= What to produce =
For this exercise, copy exactly every line from the one holding "Hortensja bukietowa sweet summer sadzonki" through the end of the data, both included. Omit pictures.

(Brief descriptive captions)
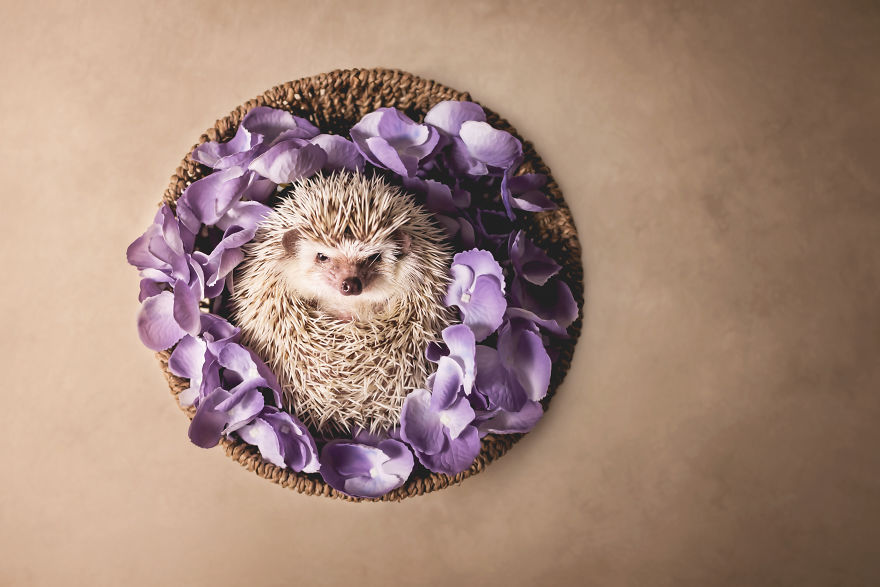 Hangry Haru The Hedgehog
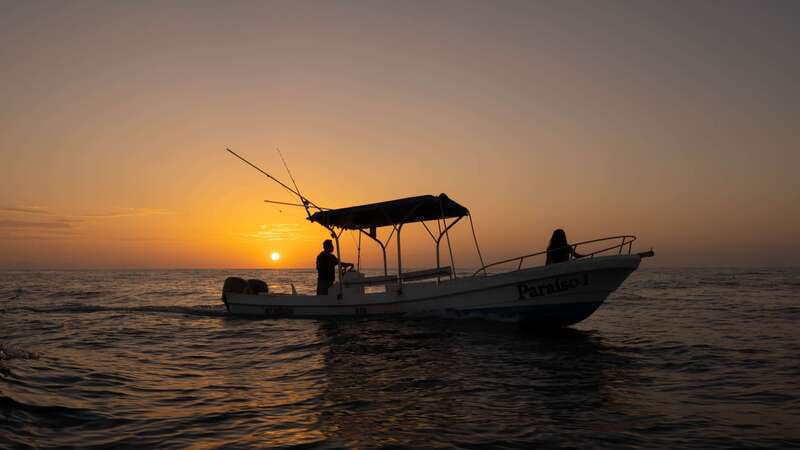 Puerto Escondido: Boat Tour among Dolphins and Turtles - Morning pickup at 7:00 AM, and why the early start pays off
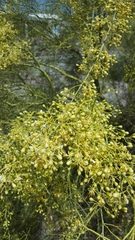 Parkinsonia microphylla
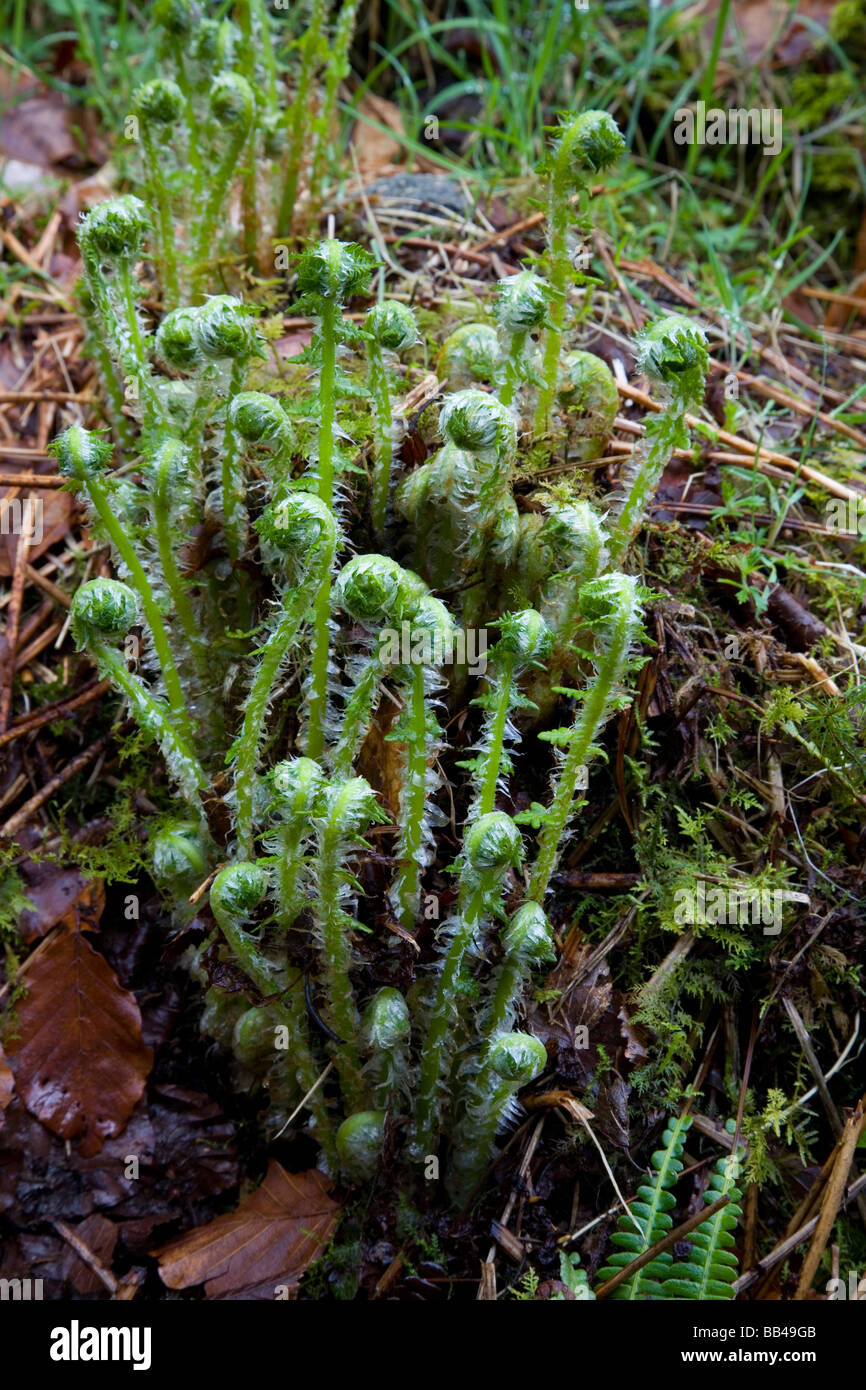 Neue Farn Wedel uncurling im Frühjahr auf Ardgarten in Schottland Stockfoto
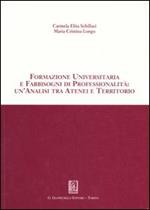 Formazione universitaria e fabbisogni di professionalità: un'analisi tra atenei e territorio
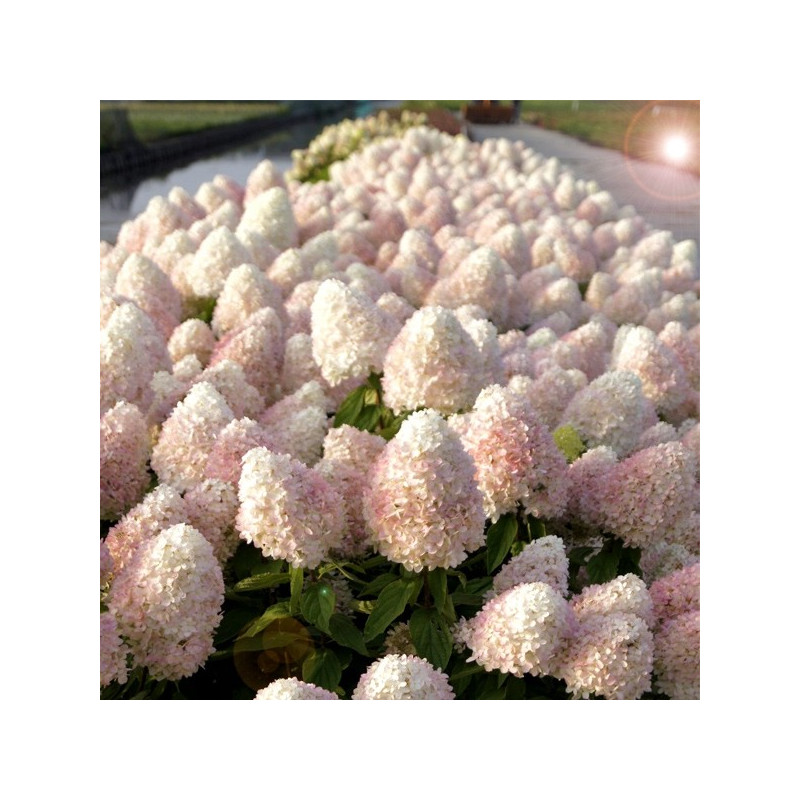 Hortensja bukietowa sweet summer sadzonki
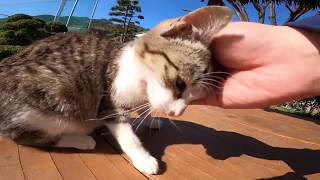 Cute Cats Funny Videos Come Lot Of Cats Cats Comrade by Cats Comrade 18 views 4 years ago 10 minutes, 57 seconds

= Exercise response =
 Hortensja bukietowa sweet summer sadzonki
 Cute Cats Funny Videos Come Lot Of Cats Cats Comrade by Cats Comrade 18 views 4 years ago 10 minutes, 57 seconds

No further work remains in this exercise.